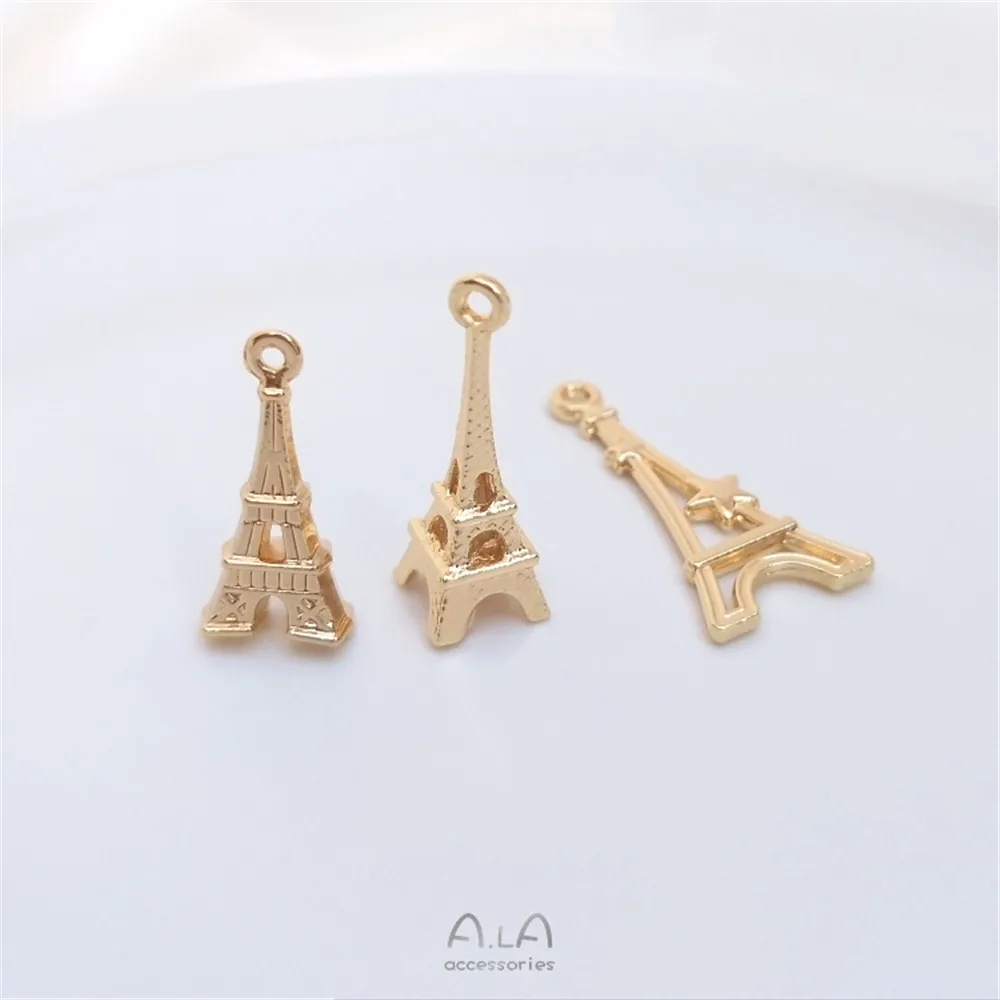 Купи 14K gold Paris Eiffel Tower pendant handmade diy jewelry charm bracelet accessories decorative pendant за 27 рублей в магазине AliExpress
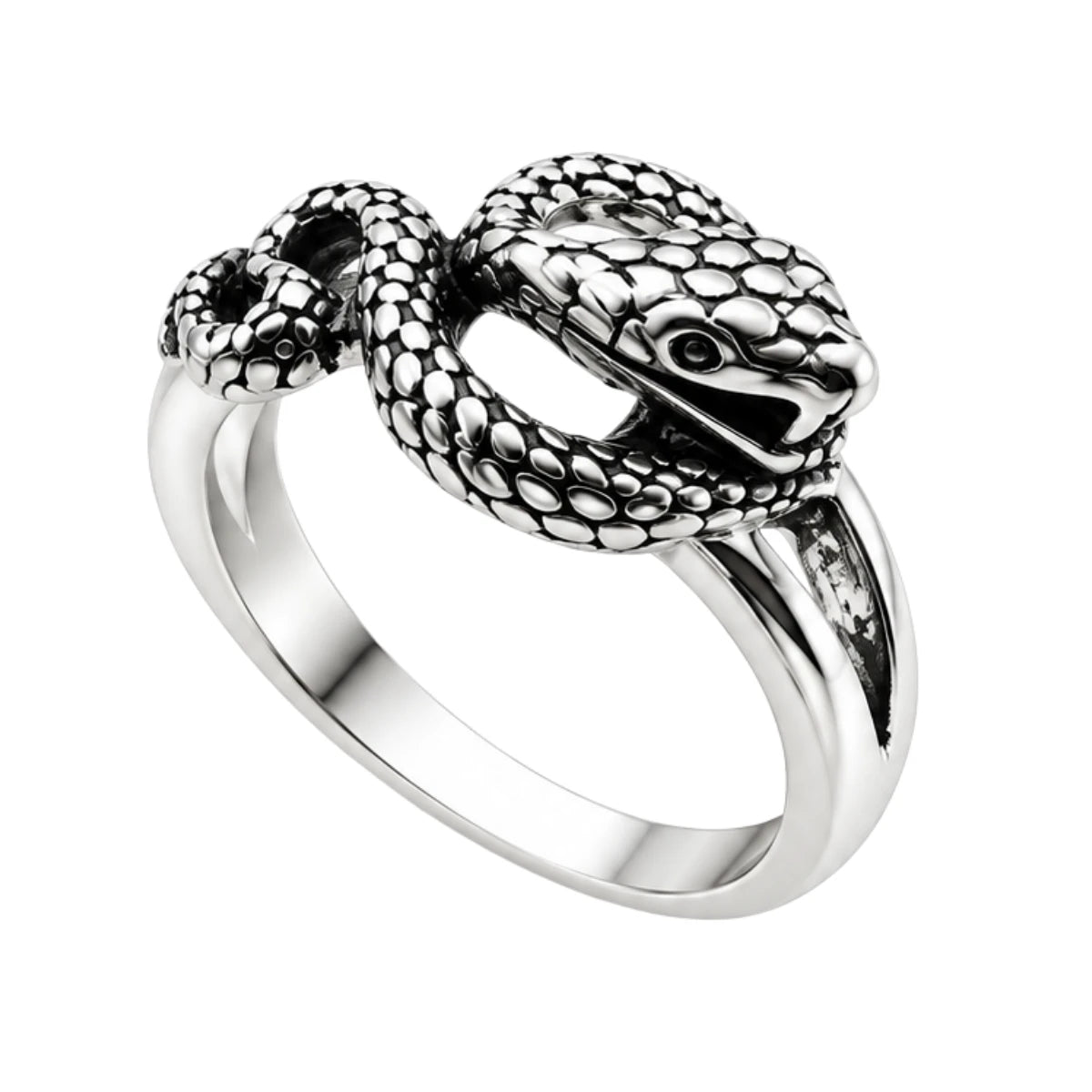 Anillo Serpiente Enroscada Espiral Plateada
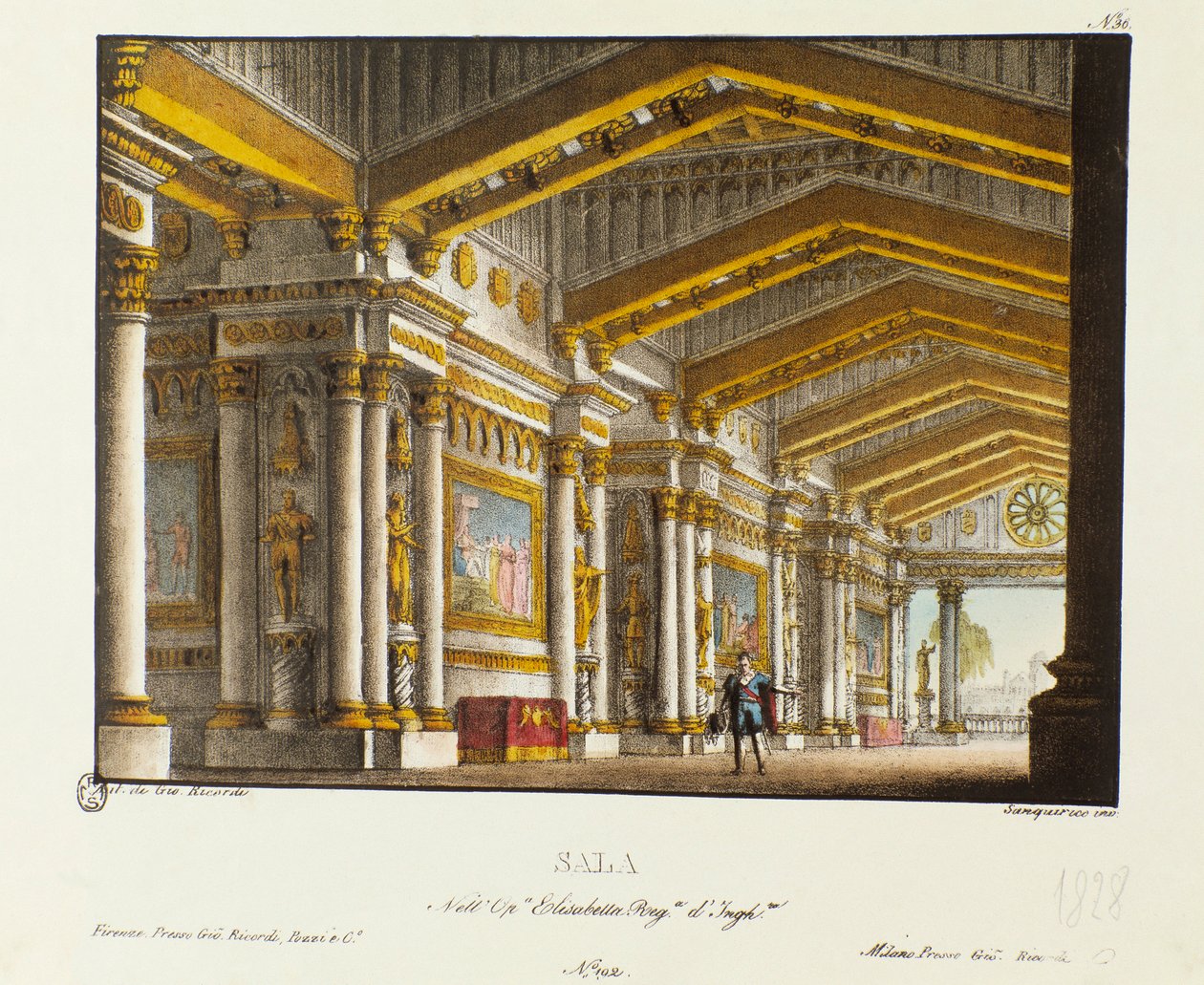 O Grande Salão do Palácio Real Cenário para a apresentação da ópera "Elisabetta, Regina d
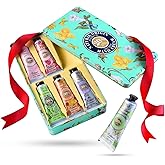 Yoken 20% Shea Butter Hand Cream Gift Set, Instant Soothing Moisturizing Hand Cream for Women Nourishes Dry Hands, 6-Piece Delicate Tin Gift Set Almond, Citrus Verbena & Floral-Scented, 6 x 1 OZ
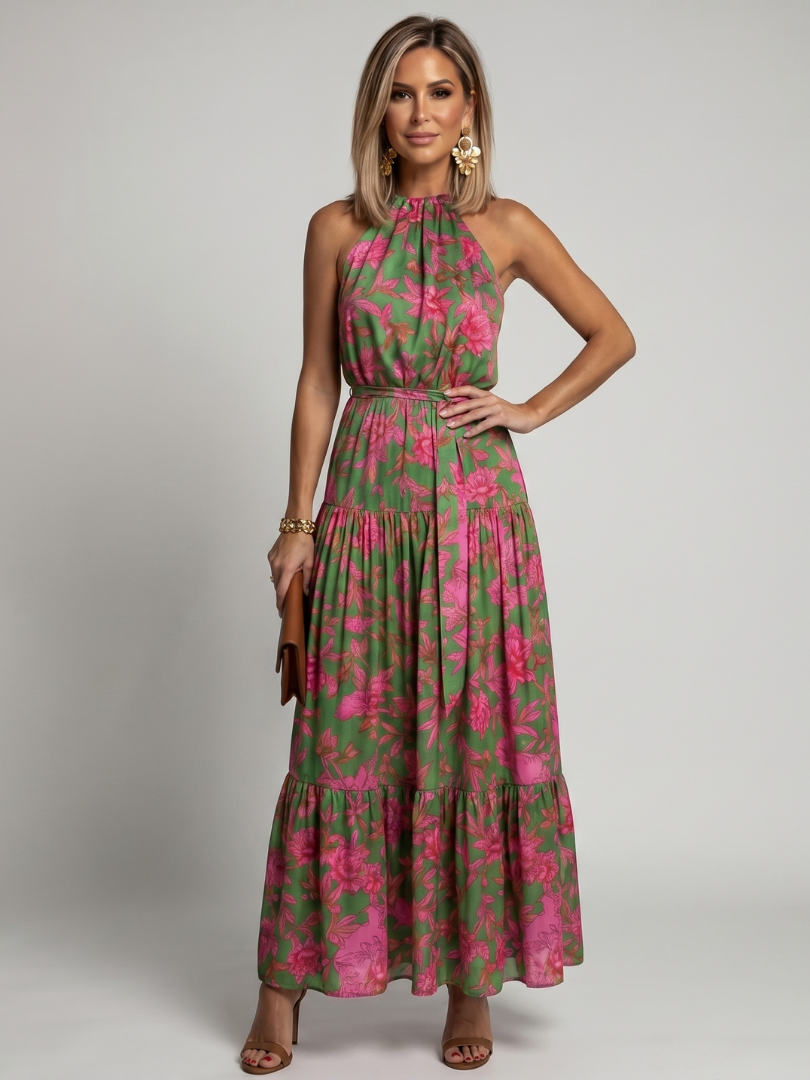 Aurora Valencia | Draped Halter Midi Dress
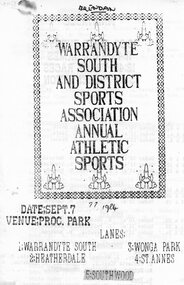 Document - Pamphlet, Warrandyte South and District Sports Association Annual Athletic Sports program, 1984 (Southwood Primary School, Ringwood)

### Work task
Leave every picture out and return exactly the lines from the one holding "Yoken 20% Shea" through the end of the records above, both ends included, and nothing more.

### Exercise output
 Yoken 20% Shea Butter Hand Cream Gift Set, Instant Soothing Moisturizing Hand Cream for Women Nourishes Dry Hands, 6-Piece Delicate Tin Gift Set Almond, Citrus Verbena & Floral-Scented, 6 x 1 OZ
 Aurora Valencia | Draped Halter Midi Dress
 Document - Pamphlet, Warrandyte South and District Sports Association Annual Athletic Sports program, 1984 (Southwood Primary School, Ringwood)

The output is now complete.